Top of Data shown
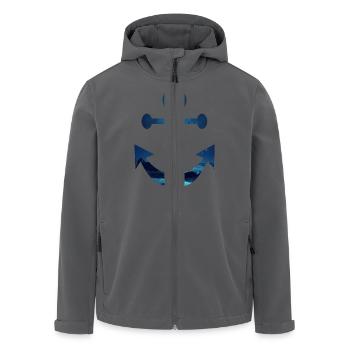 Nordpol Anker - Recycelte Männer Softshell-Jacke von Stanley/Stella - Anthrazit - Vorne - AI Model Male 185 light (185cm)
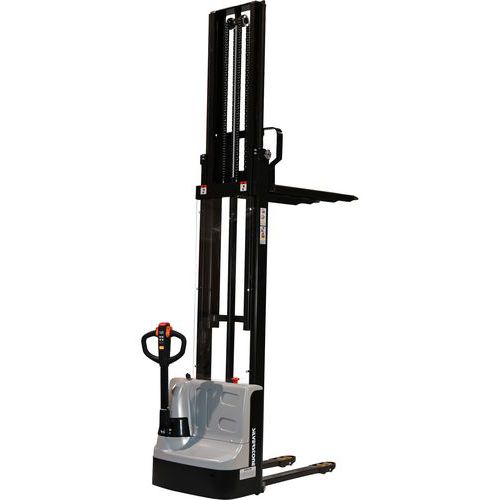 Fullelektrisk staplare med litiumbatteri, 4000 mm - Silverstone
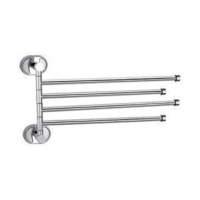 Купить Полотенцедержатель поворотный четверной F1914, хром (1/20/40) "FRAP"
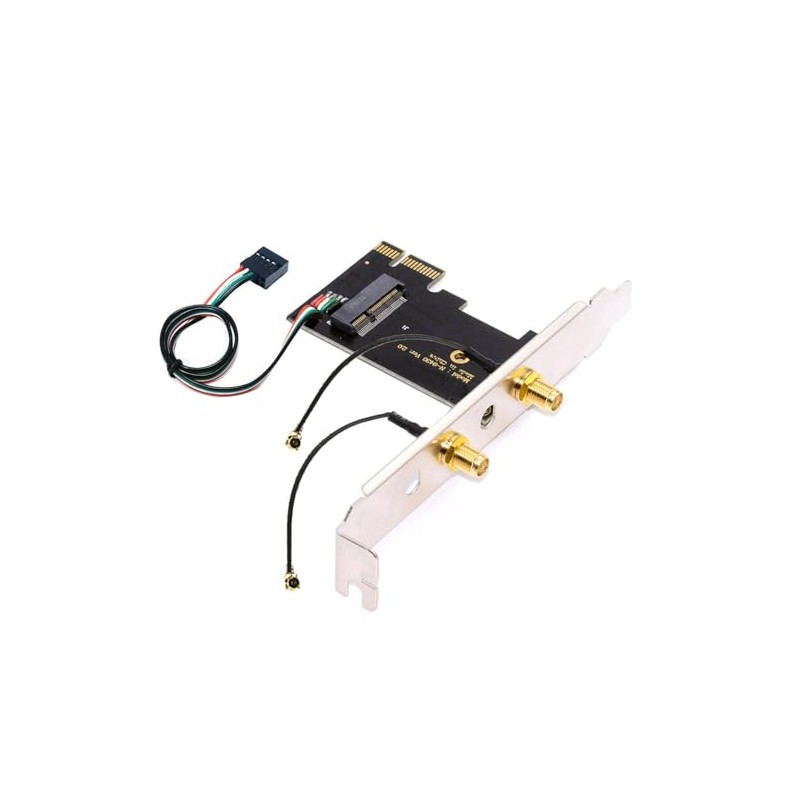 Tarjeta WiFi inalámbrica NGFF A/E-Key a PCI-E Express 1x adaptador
Bottom of Data shown
Everything from the line with "Купить Полотенцедержатель поворотный" through the final line of the material is to be returned exactly, both ends included, apart from the pictures.

 Купить Полотенцедержатель поворотный четверной F1914, хром (1/20/40) "FRAP"
 Tarjeta WiFi inalámbrica NGFF A/E-Key a PCI-E Express 1x adaptador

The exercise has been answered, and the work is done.